◆ **About this task**
Search the data below for "have"; list each line that holds it.

◆ **Data under study**
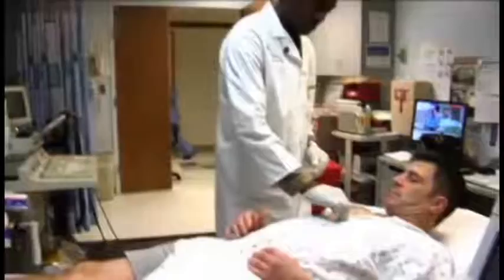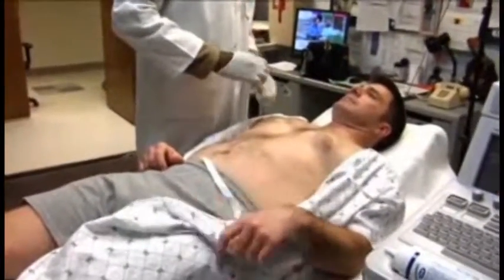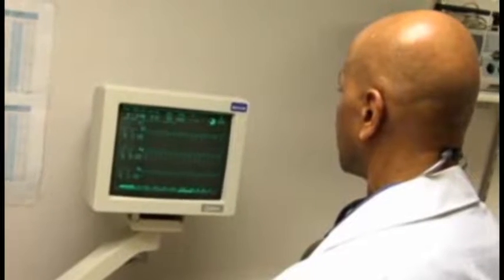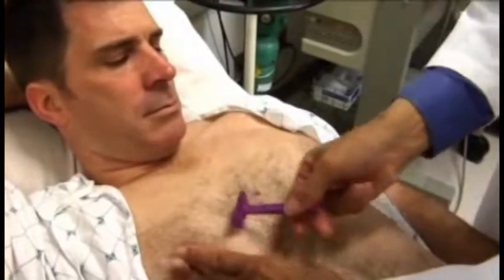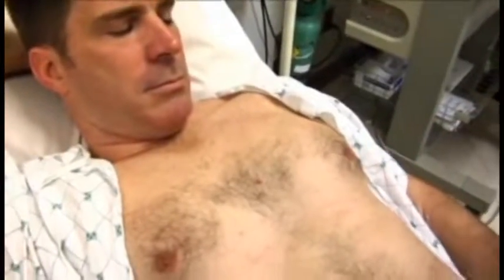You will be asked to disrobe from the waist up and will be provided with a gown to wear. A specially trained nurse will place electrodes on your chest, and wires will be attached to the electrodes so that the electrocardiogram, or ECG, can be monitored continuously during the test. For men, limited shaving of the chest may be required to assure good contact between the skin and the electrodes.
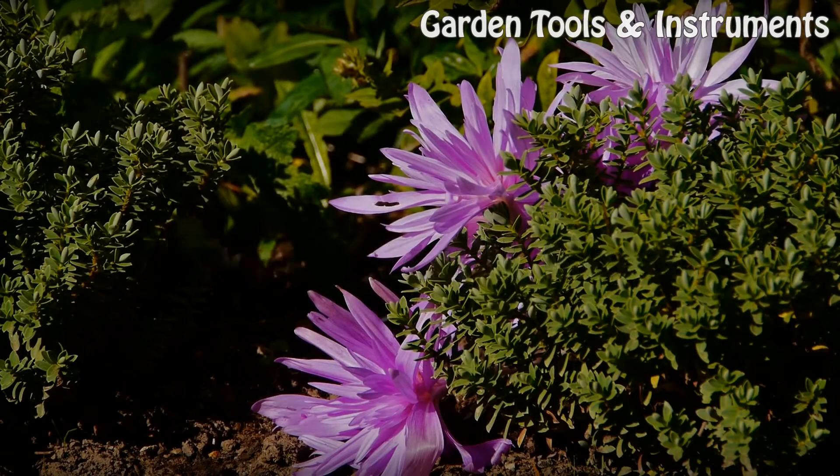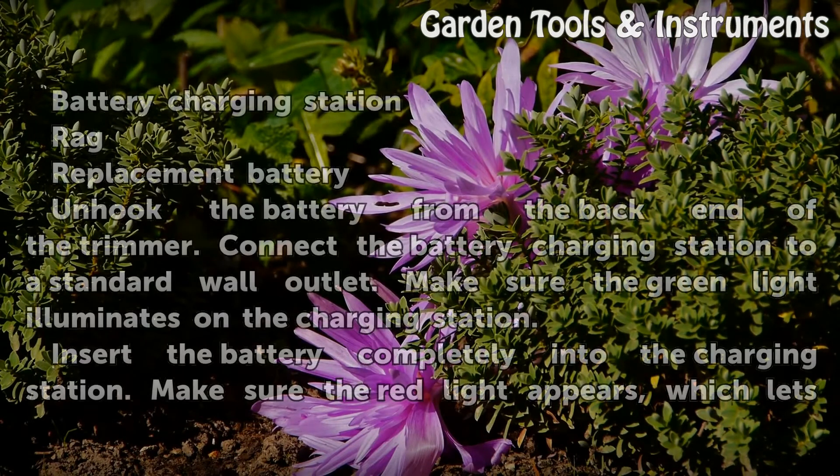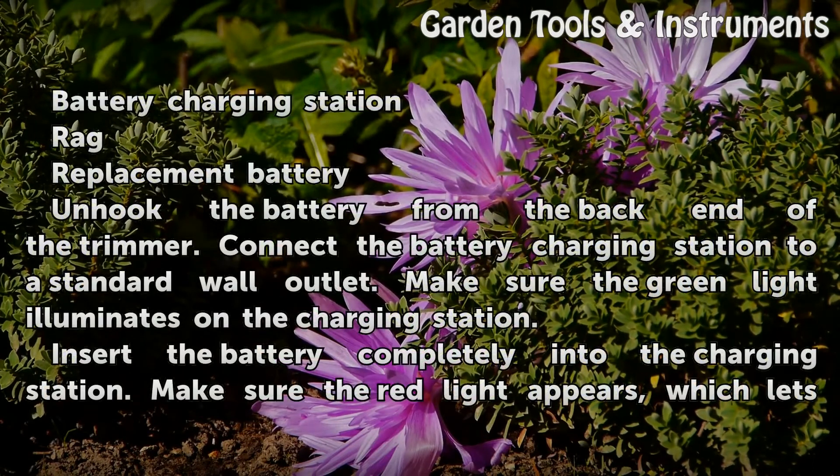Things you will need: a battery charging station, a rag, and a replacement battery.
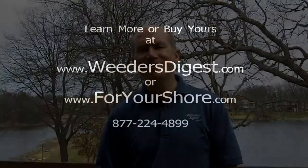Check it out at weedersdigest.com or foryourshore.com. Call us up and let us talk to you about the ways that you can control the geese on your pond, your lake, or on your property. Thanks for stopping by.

...

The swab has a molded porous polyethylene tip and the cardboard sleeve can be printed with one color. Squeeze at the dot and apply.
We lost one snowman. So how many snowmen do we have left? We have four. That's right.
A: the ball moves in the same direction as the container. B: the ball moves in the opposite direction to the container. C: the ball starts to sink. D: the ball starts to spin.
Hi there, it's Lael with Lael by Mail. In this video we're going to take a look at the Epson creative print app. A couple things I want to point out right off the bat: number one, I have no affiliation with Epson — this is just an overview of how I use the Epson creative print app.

◆ **Completed exercise**
We lost one snowman. So how many snowmen do we have left? We have four. That's right.
Hi there, it's Lael with Lael by Mail. In this video we're going to take a look at the Epson creative print app. A couple things I want to point out right off the bat: number one, I have no affiliation with Epson — this is just an overview of how I use the Epson creative print app.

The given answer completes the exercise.